Boletim do G1 e Tiago Leifert: os erros e acertos do jornalismo moleque
O novo boletim do G1 é um acerto do jornalismo da Globo. Com G1 em 1 Minuto, aproximando TV e internet, a emissora dá sinais de que entendeu que os meios de comunicação não devem ser rivais, mas sim parceiros. Os jovens Mari Palma e Cauê Fabiano, com camisetas de banda e jeitinho meio nerd, meio hipster, mostram que, para ser sério, não precisa de terno e gravata e, para ser descontraído, não precisa deixar ninguém constrangido com piadinhas de titio.
Já Tiago Leifert, um dos primeiros a servir como experiência para o modelo, segue o mesmo, com observações brincalhonas e jeitão de rapaz boa praça. O problema é que, especialmente no esporte, a Globo tem certos "pontos sem nó", o que torna o apresentador, muitas vezes, um alvo de torcedores e espectadores em geral, especialmente quando Leifert tenta opinar sobre horários de jogos, estádios vazios e calendário ruim do futebol nacional, uma vez que sua empregadora é apontada como uma das principais responsáveis por tudo isso.
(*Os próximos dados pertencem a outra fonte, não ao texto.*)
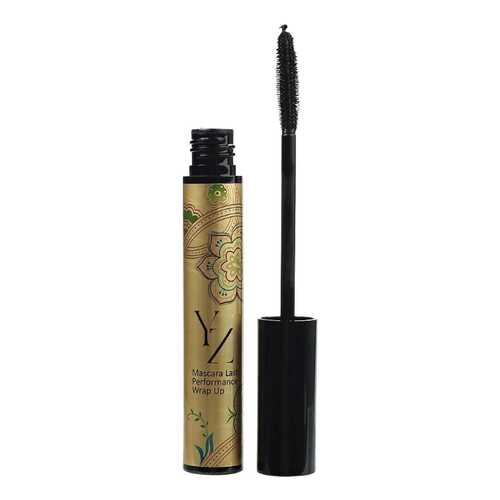 Тушь для ресниц YLLOZURE Mascara Lash Performance Wrap Up 01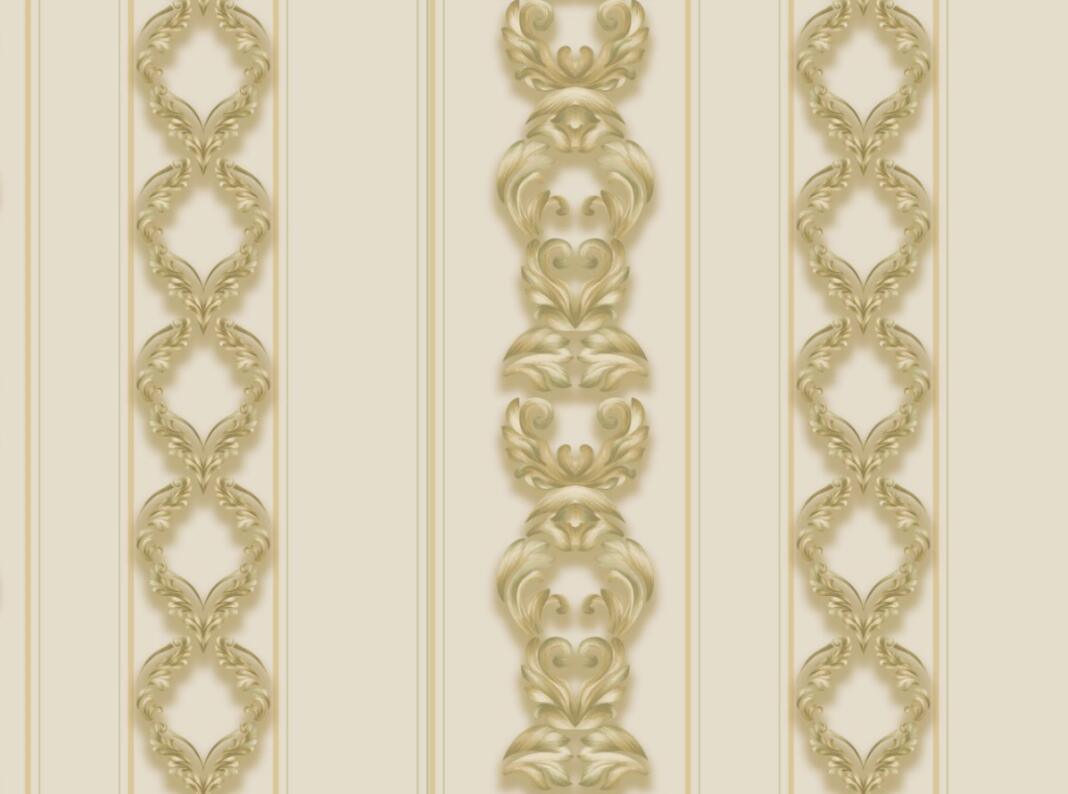 Hot Selling 106 PVC Wallpaper Vinyl Wall Paper for Home Decor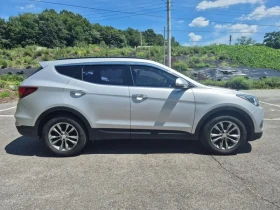 Hyundai Santa fe The Prime Diesel 2.0 2Wd Premium, снимка 5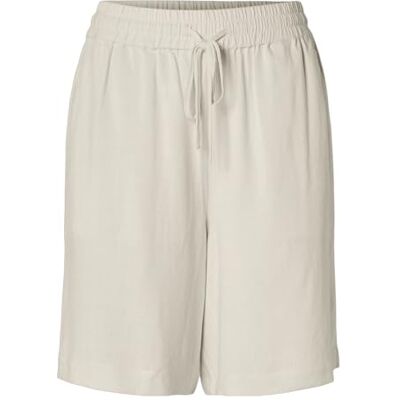 SELECTED FEMME Slfviva Mw Shorts Noos, Sandskal, 40 SE SELECTED FEMME Slfviva Mw Shorts Noos, Sandskal, 40 SE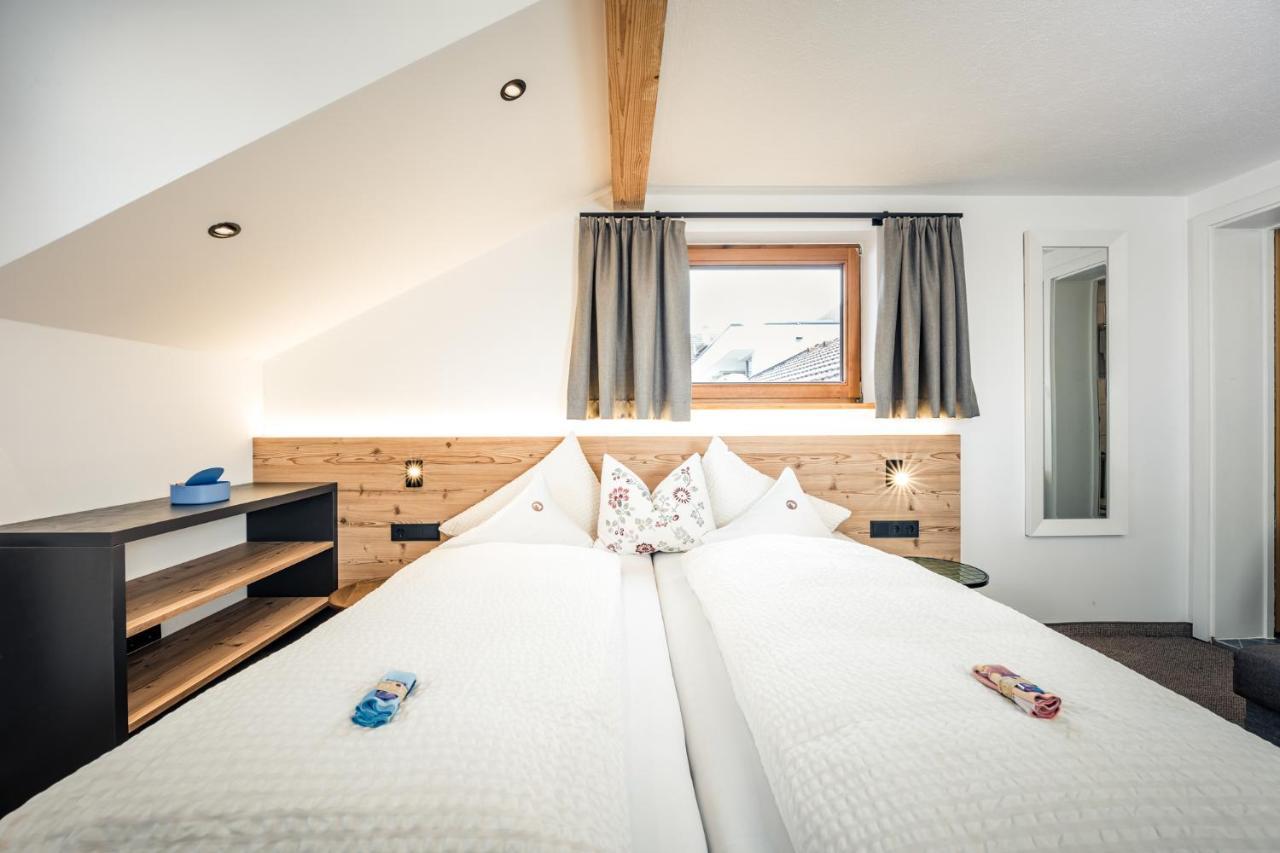 Comfort Dreibettzimmer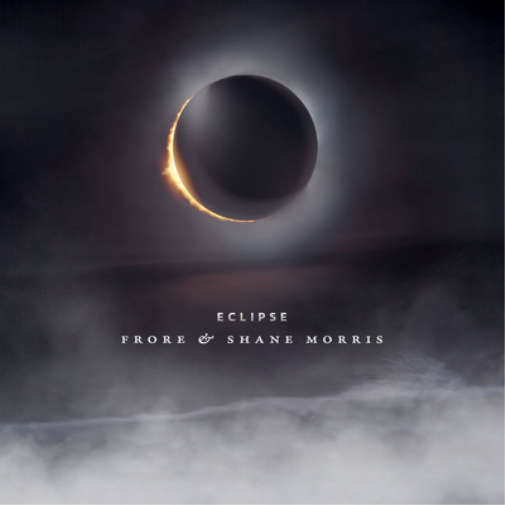 Frore & Shane Morris Eclipse (CD) Album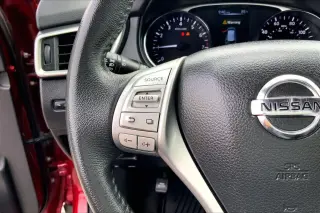 Nissan Rogue 2016 S 4dr Crossover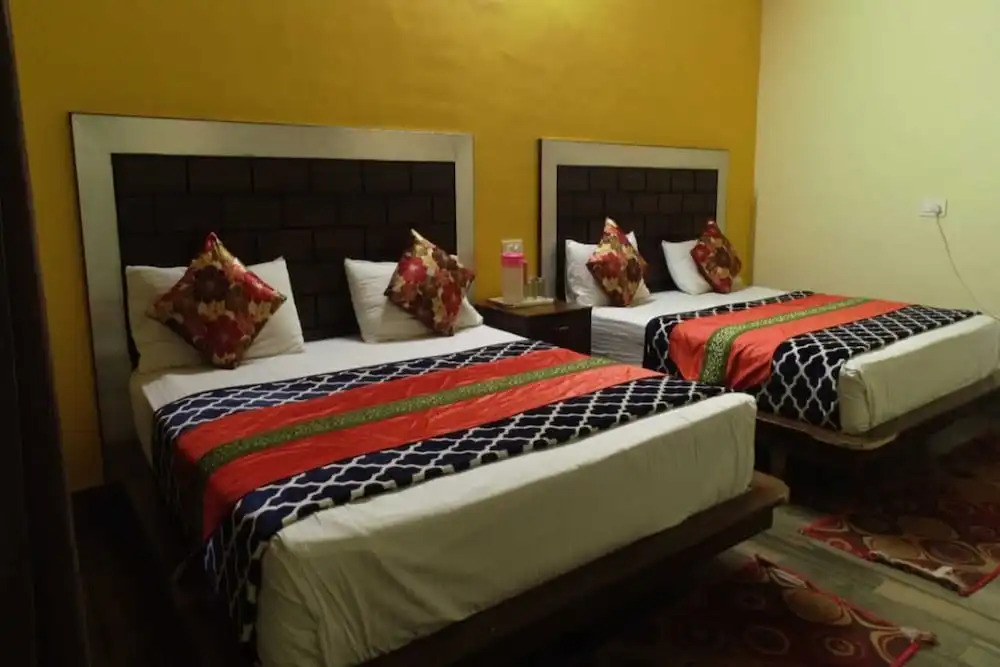 Atulya Nakshtra Resort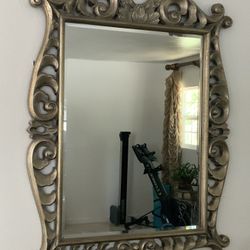 Mirrors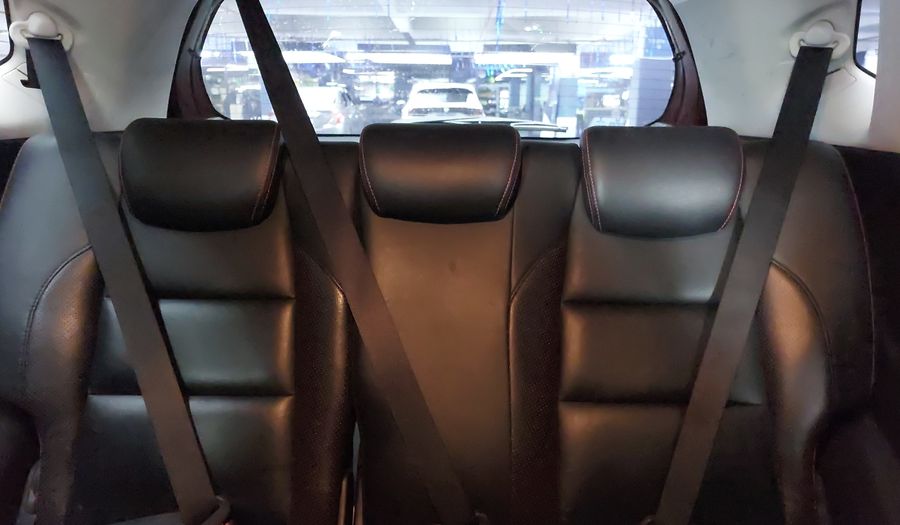 Honda Wr-v 1.5 EXL CVT Suv 2018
Nesse sentido, Fernanda Gentil se supera. Bela, animada, divertida, Gentil dribla facilmente qualquer gafe, sua ou não, e consegue conquistar o público do esporte - e de fora dele - sem fazer muito esforço. O carisma é natural, leve, agrada.
Faustão, Caldeirão, Estrelas, BBB: chegou a hora de mexer nos queridinhos
Se é para renovar, então renova de uma vez. No campo do entretenimento, a maior emissora do Brasil segue devendo. No sábado, a dobradinha Estrelas e Caldeirão do Huck, do casal Angélica e Luciano, é líder de audiência, mas muito mais por incompetência dos adversários do que qualquer coisa. As atrações, nos melhores dias, marcam por volta de 15 pontos nos grandes centros, e superam de longe o segundo colocado, Programa do Raul Gil, com 4,5.
Mesmo assim, ambos são cada vez mais criticados. O talk show de Angélica não tem sentido algum e mais parece um espaço feito para celebridades mostrarem como são ricas, chiques e, por isso, cheias de motivos para sorrir, algo muito distante da realidade da maioria de nós. Já o Caldeirão se apega aos mesmos quadros de sempre, com um Luciano queimado por tropeços na web e com a mesma linha de atuação da época do Programa H.
E é aí que entra o BBB. Amado e odiado pelo Brasil inteiro, o reality segura cada vez menos público, e tem audiência instável na casa dos 20 pontos no horário nobre. Muito pouco. Sem novidades, sem emoção, o trunfo de Boninho se arrasta em suas últimas edições, e seus chefes parecem não ter a menor intenção em arriscar alguma mudança.
Na dramaturgia, Malhação muda, avança, mas não sai do lugar. A temporada atual tem a melhor audiência em dois anos, mas está longe de seus anos dourados. Enquanto isso, a chefe Babilônia agoniza. A ousada trama de Gilberto Braga já foi freada. Alice, que era prostituta, virou mocinha. Beatriz foi de ninfomaníaca para apaixonada pelo amante, e o personagem de Marcos Pasquim, que entraria como gay enrustido, sabe-se lá como, vai virar galã veterano.
No meio do caminho entre o conservadorismo e a modernização, a Globo se divide em duas, colocando em conflito uma intenção em arriscar com a bajulação aos "queridinhos" da casa e velhos costumes. Diferente da MTV, o canal tem medo da rejeição e, por isso, acaba parecendo um ex-galã que tenta reviver os anos dourados paquerando as amigas do filho.